Add in Baylor playing at the Ferrell Center in the last home game for superstar Brittney Griner and her fellow seniors. If you're the Seminoles, you know it would take an epic upset to pull this off.
Florida State coach Sue Semrau can look to the Sunshine State success on the men's side -- led by giant killer Florida Gulf Coast. But the truth is, there is no team in the men's tournament as dominant a favorite to make the Final Four as Baylor is on the women's side.
So the Seminoles shouldn't spend much energy thinking about the difficulty of what they face. Instead, they need to focus on the positives of their season. None is bigger than the triumphant final chapter of Morgan Toles' career.
The 5-foot-9 senior point guard is playing in her first, and last, NCAA tournament. Just being here really matters.
Toles was a highly regarded high school player out of Fayetteville, Ga., who began her college career at Auburn. She was a starter for two seasons for the Tigers, averaging 7.6 points and 4.4 assists as a freshman and 8.6 and 5.1 as a sophomore. But after her second season, Auburn's doctors -- concerned about three concussions she had had dating to high school -- did not clear her to continue playing.
She began to look into transferring that summer of 2011, after getting other opinions from neurologists.
"Concussions are a scary thing," Toles said, "but I knew I was fine."
Still, she kept meeting resistance from other schools. Toles began to lose hope about getting another chance to play. Then Semrau called.
"I told her, 'You're probably not going to want to take me; no one else has,'" Toles said. "But she said, 'Come on in, we'll test you ourselves.' And I passed every test."
So Toles went to Florida State. But by the time all the NCAA bureaucratic hurdles had been cleared, the Seminoles were into the second half of the 2011-12 season. Toles could have redshirted and had two more seasons to play.
But Florida State needed a point guard, and she was eager to get back into action.
"I was watching, and I knew I could contribute," Toles said. "We had talent, but people were just in the wrong places. Great shooters were bringing the ball up the court. I just wanted to help as soon as possible."
Then, she played just four games before an elbow injury ended her 2011-12 season.
"At first, I thought it was a waste of a year," Toles said. "But then I really looked at it and thought about it. I think it made me all the more eager to get ready for the next season. I'm just thankful to be here, honestly."
Toles knows playing professionally probably isn't an option, so she is giving everything to her last college season.
She is averaging 5.4 points this season and has 126 assists to 53 turnovers. Florida State finished tied for fourth in the ACC with Miami, but it beat the Hurricanes in all three meetings. In Sunday's 60-44 NCAA first-round victory over Princeton, Toles had 12 points, 4 assists and 5 rebounds.
"She is an amazing young lady," Semrau said. "For her and her parents to have the courage to seek out lots of different opinions and opportunities for her to play … for them, I'm extremely excited about this win. And for Florida State, I'm excited she's here."

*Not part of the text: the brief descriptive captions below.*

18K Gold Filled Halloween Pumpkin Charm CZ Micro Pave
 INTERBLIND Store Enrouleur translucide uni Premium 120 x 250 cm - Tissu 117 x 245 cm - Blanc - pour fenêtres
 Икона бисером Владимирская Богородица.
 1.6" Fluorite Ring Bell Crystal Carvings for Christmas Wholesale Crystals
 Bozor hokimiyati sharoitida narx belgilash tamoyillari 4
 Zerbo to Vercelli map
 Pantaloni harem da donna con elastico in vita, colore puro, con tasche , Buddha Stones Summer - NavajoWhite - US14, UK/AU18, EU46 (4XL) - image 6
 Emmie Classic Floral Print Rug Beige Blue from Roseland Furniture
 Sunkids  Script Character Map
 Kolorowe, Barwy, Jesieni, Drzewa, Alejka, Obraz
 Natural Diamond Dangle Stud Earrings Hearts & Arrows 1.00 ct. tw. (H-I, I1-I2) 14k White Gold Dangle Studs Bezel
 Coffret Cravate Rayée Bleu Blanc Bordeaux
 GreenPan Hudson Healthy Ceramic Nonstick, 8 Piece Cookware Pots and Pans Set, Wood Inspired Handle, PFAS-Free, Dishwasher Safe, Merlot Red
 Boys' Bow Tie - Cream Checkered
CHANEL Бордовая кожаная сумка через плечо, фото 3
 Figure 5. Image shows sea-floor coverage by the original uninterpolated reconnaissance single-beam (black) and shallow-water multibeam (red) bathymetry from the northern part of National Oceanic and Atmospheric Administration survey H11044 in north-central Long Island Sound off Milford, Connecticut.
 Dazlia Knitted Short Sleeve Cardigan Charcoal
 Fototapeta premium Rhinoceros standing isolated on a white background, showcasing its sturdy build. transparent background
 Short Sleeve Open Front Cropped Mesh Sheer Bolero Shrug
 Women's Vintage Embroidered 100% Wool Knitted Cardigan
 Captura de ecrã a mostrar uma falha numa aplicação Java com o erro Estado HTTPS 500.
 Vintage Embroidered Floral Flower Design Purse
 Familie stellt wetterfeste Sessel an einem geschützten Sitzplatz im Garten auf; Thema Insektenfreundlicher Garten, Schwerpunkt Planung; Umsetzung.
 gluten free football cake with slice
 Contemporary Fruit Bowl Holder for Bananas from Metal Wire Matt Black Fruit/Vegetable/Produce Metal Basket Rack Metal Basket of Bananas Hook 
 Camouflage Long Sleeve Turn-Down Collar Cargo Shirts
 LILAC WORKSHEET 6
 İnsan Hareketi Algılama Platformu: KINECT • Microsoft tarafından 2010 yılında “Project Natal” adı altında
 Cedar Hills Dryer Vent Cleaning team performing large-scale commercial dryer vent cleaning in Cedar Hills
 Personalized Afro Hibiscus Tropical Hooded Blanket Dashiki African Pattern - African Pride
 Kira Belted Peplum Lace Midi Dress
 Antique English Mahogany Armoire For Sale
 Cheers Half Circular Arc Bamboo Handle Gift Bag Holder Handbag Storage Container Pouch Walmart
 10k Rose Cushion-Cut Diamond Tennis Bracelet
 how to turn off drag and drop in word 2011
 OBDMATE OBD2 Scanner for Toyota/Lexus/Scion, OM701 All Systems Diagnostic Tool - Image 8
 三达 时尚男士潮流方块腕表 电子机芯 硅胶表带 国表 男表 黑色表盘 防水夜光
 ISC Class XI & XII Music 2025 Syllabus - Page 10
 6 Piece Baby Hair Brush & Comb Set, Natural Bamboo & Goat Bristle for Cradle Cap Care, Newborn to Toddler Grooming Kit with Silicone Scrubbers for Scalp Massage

Toles hopes to join the coaching ranks when she's finished with college. She recognized how much she loves basketball from a strategic perspective while she was sidelined.
"I know I took the game for granted before," Toles said. "But I learned from it. I approached practices and games differently after sitting out."
And if Tuesday night's contest is her last as a college player, she is taking a bright-side approach to that, too.
"It's an honor to play the very best team; you see who you really are when playing against the best," Toles said. "It's going to be a tough environment, but we're looking forward to it. It's a chance to do something big."